Brief descriptive captions
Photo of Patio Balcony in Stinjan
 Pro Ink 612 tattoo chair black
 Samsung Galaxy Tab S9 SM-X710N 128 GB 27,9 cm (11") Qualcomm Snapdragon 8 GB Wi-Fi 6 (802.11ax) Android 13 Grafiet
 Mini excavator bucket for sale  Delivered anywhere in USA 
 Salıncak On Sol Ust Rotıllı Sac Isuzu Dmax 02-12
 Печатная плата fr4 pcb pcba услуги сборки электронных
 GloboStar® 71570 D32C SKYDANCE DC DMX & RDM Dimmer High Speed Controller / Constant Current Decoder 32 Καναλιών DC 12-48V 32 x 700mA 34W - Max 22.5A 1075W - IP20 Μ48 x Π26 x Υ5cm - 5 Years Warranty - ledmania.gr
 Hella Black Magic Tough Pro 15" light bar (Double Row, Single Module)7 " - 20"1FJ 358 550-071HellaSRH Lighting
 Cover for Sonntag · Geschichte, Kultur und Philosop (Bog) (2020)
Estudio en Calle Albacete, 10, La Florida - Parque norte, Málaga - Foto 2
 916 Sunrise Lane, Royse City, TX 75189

**The task**
Output nothing but the line containing "Samsung Galaxy Tab" and each line after it in the entries above, exactly as written.

**Response to this task**
 Samsung Galaxy Tab S9 SM-X710N 128 GB 27,9 cm (11") Qualcomm Snapdragon 8 GB Wi-Fi 6 (802.11ax) Android 13 Grafiet
 Mini excavator bucket for sale  Delivered anywhere in USA 
 Salıncak On Sol Ust Rotıllı Sac Isuzu Dmax 02-12
 Печатная плата fr4 pcb pcba услуги сборки электронных
 GloboStar® 71570 D32C SKYDANCE DC DMX & RDM Dimmer High Speed Controller / Constant Current Decoder 32 Καναλιών DC 12-48V 32 x 700mA 34W - Max 22.5A 1075W - IP20 Μ48 x Π26 x Υ5cm - 5 Years Warranty - ledmania.gr
 Hella Black Magic Tough Pro 15" light bar (Double Row, Single Module)7 " - 20"1FJ 358 550-071HellaSRH Lighting
 Cover for Sonntag · Geschichte, Kultur und Philosop (Bog) (2020)
Estudio en Calle Albacete, 10, La Florida - Parque norte, Málaga - Foto 2
 916 Sunrise Lane, Royse City, TX 75189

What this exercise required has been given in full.